Misamis Oriental's at-large congressional district is an obsolete congressional district of the Philippines that encompassed the entire province of Misamis Oriental. It was created ahead of the 1931 Philippine House of Representatives elections following the 1929 division of Misamis into two provinces. The district elected one member in each of the final two meetings of the Philippine Assembly from 1931 to 1935 and in the two meetings of Commonwealth National Assembly from 1935 to 1941.

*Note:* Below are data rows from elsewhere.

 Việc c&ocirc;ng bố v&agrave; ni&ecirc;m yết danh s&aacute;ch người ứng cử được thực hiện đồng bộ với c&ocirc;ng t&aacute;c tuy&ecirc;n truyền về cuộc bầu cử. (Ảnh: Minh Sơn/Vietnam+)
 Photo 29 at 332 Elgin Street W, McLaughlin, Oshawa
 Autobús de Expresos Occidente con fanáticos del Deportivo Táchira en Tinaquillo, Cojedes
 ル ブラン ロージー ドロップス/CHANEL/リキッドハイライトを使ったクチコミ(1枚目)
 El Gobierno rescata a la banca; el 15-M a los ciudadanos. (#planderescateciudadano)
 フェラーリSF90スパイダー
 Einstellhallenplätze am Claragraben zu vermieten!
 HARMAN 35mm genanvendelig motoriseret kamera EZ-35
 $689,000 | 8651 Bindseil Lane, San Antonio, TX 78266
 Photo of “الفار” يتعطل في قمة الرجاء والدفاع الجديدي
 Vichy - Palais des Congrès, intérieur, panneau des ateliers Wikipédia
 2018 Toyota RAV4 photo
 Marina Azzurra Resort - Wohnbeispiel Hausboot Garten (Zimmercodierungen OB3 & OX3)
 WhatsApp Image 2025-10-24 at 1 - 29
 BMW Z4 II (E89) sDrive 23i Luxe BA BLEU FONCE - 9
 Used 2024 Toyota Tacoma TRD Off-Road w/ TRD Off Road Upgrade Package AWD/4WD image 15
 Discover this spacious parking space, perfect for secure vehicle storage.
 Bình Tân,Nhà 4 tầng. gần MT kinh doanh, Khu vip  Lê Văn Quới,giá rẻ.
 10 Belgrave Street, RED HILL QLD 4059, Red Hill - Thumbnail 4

Two members represented the district in the Second Republic National Assembly from 1943 to 1944. It returned to a single-member constituency for the restored House of Representatives in both the Commonwealth Congress from 1945 to 1946 and all seven meetings post-independence until 1972. The district was last contested at the 1984 Philippine parliamentary election when its capital city of Cagayan de Oro also began to elect its own separate representative. It was abolished following the 1987 reapportionment under a new constitution.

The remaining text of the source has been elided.